- Occupation: Journalist
- Organization: Jaridati

= Abdessami' Abdelhaï =

Algerian journalist

Abdessami' Abdelhaï is an Algerian journalist who was held without trial from 18 August 2013 to 21 September 2015, when he was released on provisional liberty pending trial. He was sentenced to three years' imprisonment in 2020.

==Career==
At the time of his arrest, Abdelhaï worked for a regional radio station in Tébessa, 600 km east of Algiers, and was the local correspondent of the Arabic-language daily Jaridati.

==Arrest==
He was arrested on 18 August 2013 for allegedly helping Jaridati editor Hicham Aboud to flee the country to escape prosecution. Aboud had been charged with "endangering national security, territorial integrity and the proper functioning of national institutions" because he talked with the international media about President Bouteflika's health.

After fleeing the country, Aboud was additionally charged with leaving the country illegally. In May 2013, in response to Aboud's actions, Algerian officials seized the latest issues of Jaridati and another newspaper edited by Aboud, Monjournal, which is published in French. Four months later, both publications were closed. Aboud maintained that he had left Algeria legally on 10 August 2013.

==Detention==
After being held for five days in several different police units, where he was mistreated, Abdelhaï was thereafter held without trial in Tébessa.

Since 15 May 2014, Abdelhai has been awaiting a decision by the Algerian Supreme Court as to whether he should be tried by a magistrate or a criminal court.

On 5 November 2014, after his lawyer's fourth request for a provisional release was rejected, he began a hunger strike to protest his detention without trial.

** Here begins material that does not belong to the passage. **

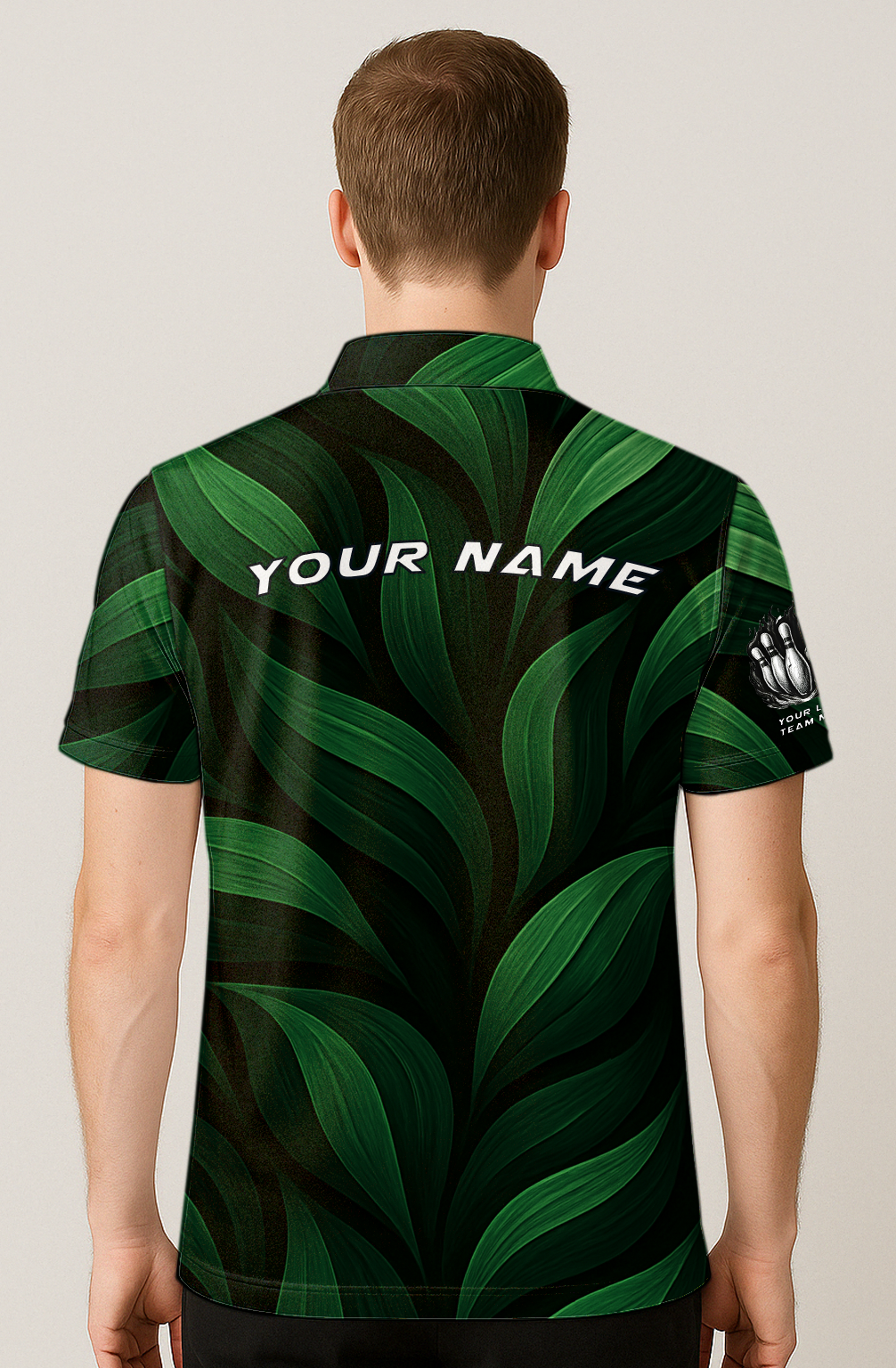 Lush Emerald Leaf Swirls Bowling Jersey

He was released on provisional liberty pending trial on 21 September 2015.

==Criticism==

Reporters Without Borders (RSF) criticized Abdelhaï's detention, stating "By holding this journalist for 15 months without trial, the Algerian authorities have violated his fundamental rights, above all, his right to freedom and a fair trial," RSF programme director Lucie Morillon said in November 2013. "We urge them to put him on trial now, so that he can defend himself, or otherwise free him at once."

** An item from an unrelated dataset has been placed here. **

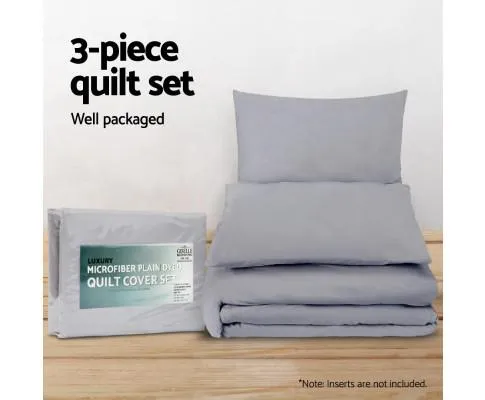 Classic Quilt Cover Set - Grey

Aboud acknowledged that he had met with Abdelhaï before leaving the country, but he said that this did not justify arresting Abdelhai. Aboud charged that the authorities had arrested Abdelhai for political reasons, especially with an eye to incriminating Aboud.

Several hundred people have signed a petition calling for Abdelhaï's release.

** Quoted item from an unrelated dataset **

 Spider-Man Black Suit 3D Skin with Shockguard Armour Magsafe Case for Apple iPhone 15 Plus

On 24 December 2014, when journalists and others had planned to hold a public demonstration protesting the continued detention of Abdelhaï, the police blocked the entrance to the Press House Tahar Djaout to prevent the demonstration. Instead of holding the public rally, the protesters held a sit-in inside the press house.

==Imprisonment==

He entered Algeria in 2020 for the birth of his child, but was detained and sentenced to three years' imprisonment.